On June 8th, Colorado’s governor signed into law HB 1344 which preemptively legalized MDMA for medical use in the state. It also is not a formal legalization, although it will become one pending the US government officially approving an MDMA medication for medical use. Once this happens, the compound is already ready to go in the state, meaning the legalization is essentially lying in wait. What the legislation does, is allow the general system of use to be established now, and not after the federal government approves.
Connecticut did something a little different. For one thing, Colorado isn’t offering access to these medications now. Until MDMA gets a full approval, Colorado’s bill is null and void. It doesn’t help patients use the expanded access program, so it has no real value until the US government legalizes MDMA officially.

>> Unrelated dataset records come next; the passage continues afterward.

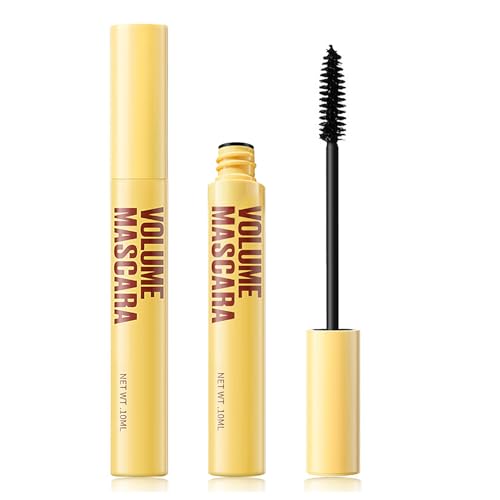 Black Mascara Volumising& Smudge-Proof,With an inflator comb brush - Waterproof Formula for Thinning & Sparse Lashes,Gentle & Hypoallergenic for Sensitive Eyes(Pack of 2)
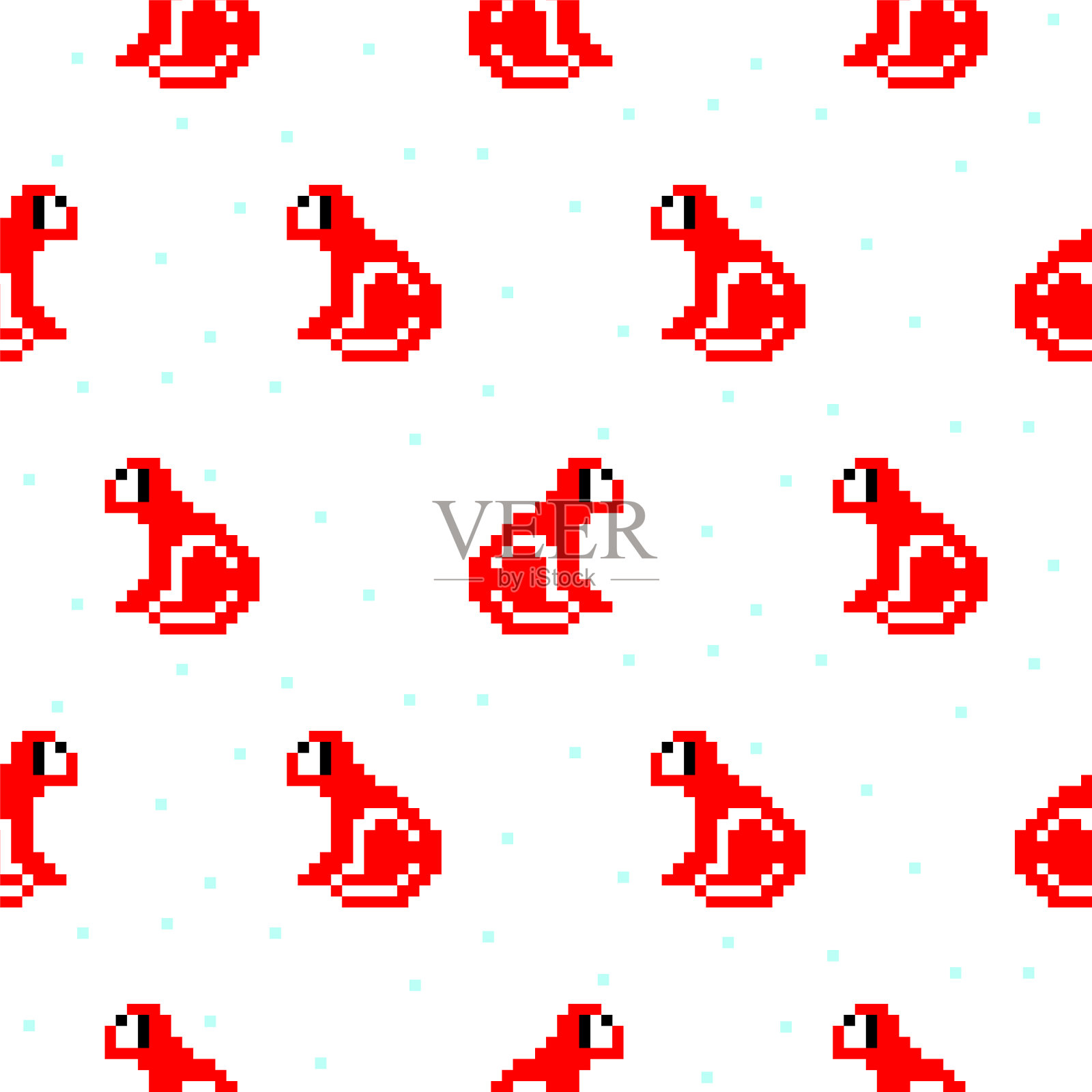 红猴卡通像素艺术无缝图案插画图片素材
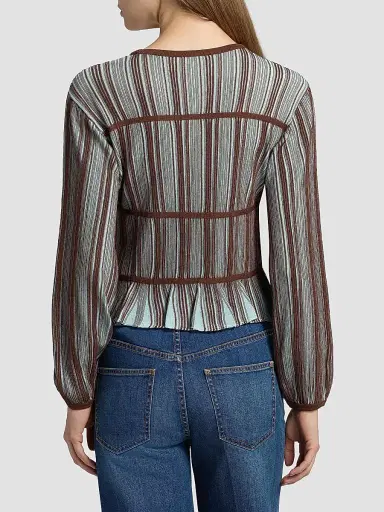 Ramy Brook Women's Ashlyne Striped Knit Top - Sepia Combo - Size XL | Thumbnail 5 Ramy Brook Women's Ashlyne Striped Knit Top - Sepia Combo - Size XL | Thumbnail 5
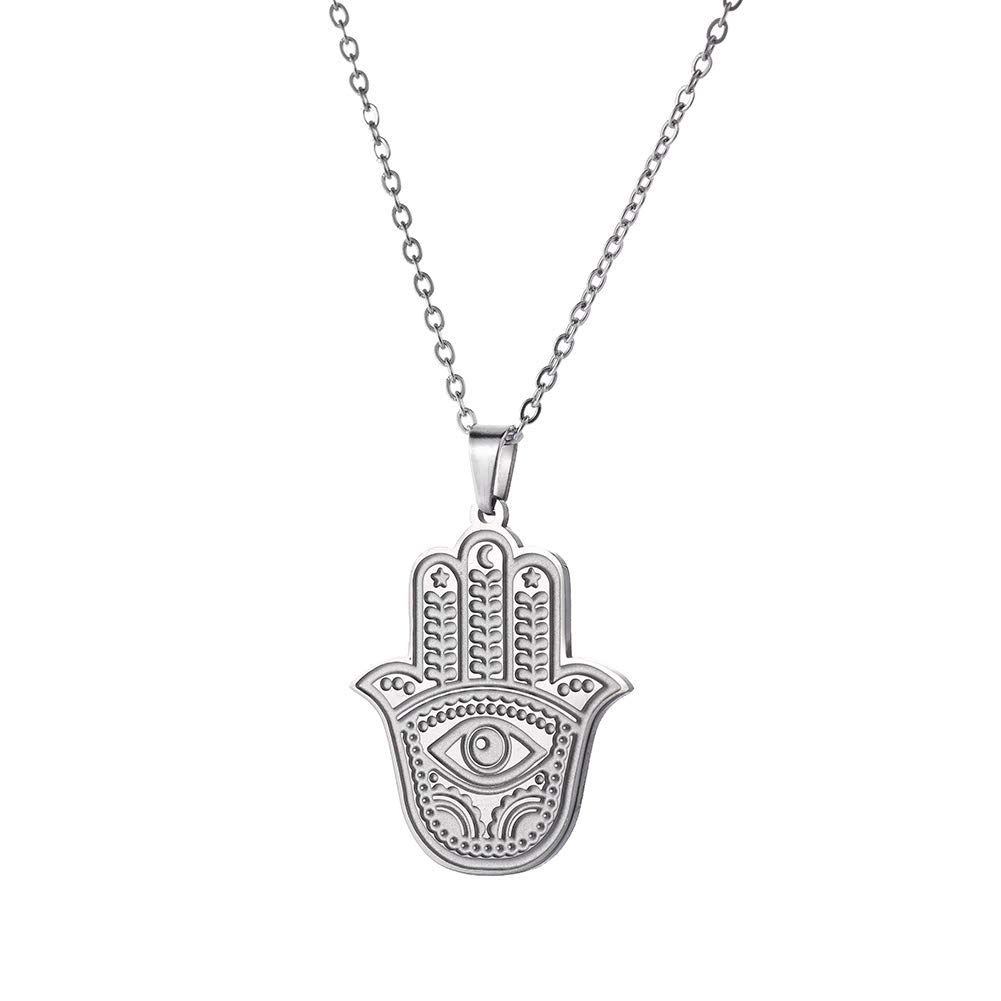 cooltime Womens Necklace Stainless Steel Hamsa Hand of Fatima Evil Eye Pendant Necklace Good Luck Success Amulet (Style 1)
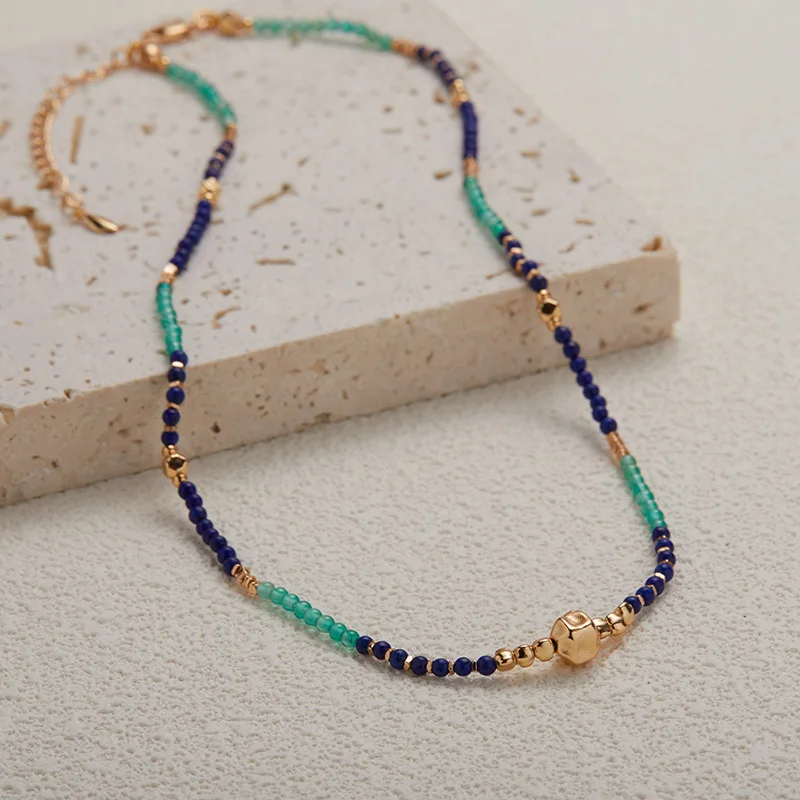 S925 الفضة النقية غير النظامية الفضة الخرز العقيق الأخضر الطبيعي اللازورد الأحجار الكريمة الملونة مطرز سوار للنساء الساخن سال #3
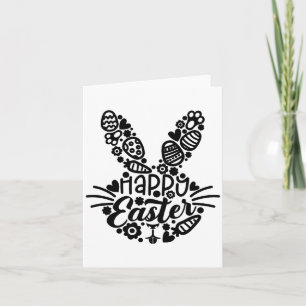 Happy Easter, Bunny Face Men Women Kids Cute Easte Card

On the other hand, Connecticut is working to get the medications to those in need, before a federal approval is given. It didn’t construct a separate law for approval when the US government passes the drugs, because it doesn’t need to. Connecticut passed its bill to set up its framework, but once a drug is passed federally, the drug doesn’t need any further approval in the state. The pilot program in Connecticut would simply be supplanted by the federal government guidelines when they’re available, in a system already set-up to go.
In terms of Colorado, it’s HB 1344 went through the state’s congress at hyper speed, getting introduced and then signed by the governor into law, within two and a half months. It had bipartisan approval, much like Connecticut’s bill, and went through very few edits, even getting a unanimous vote for approval in one committee. This election, Colorado is putting it to voters via ballot measure, to decide if they want to decriminalize entheogenic plants, and create a regulated program for their use.
Connecticut’s bill actually came on the heels of a similar bill that failed. HB 5396 was introduced earlier this year, and would have also created the opening of psychedelic-assisted treatment centers. That bill died in a committee, and was reformulated and stuck in the tax bill, which passed not much later. By passing this legislation, Connecticut became the first state to allow medical access to these medications prior to a federal government pass.
Right now, no other state is allowing the use of psychedelics through the FDA’s expanded access program. Whereas Connecticut isn’t usually the first state to do something, this time it takes the cake. Connecticut did become the 18th state to legalize recreational cannabis last year, when Lamont signed off on SB 1201.
Its not shocking that another state is using the federal government’s moves toward psychedelic medicine, as a way to get its own industry started. And this time, it means using laws already in place, to provide access to unapproved drugs very soon. I expect more states will follow Colorado and Connecticut in how they’re dealing with MDMA and/or psilocybin. And realistically, even if they don’t, there should be federal approvals within the next couple years.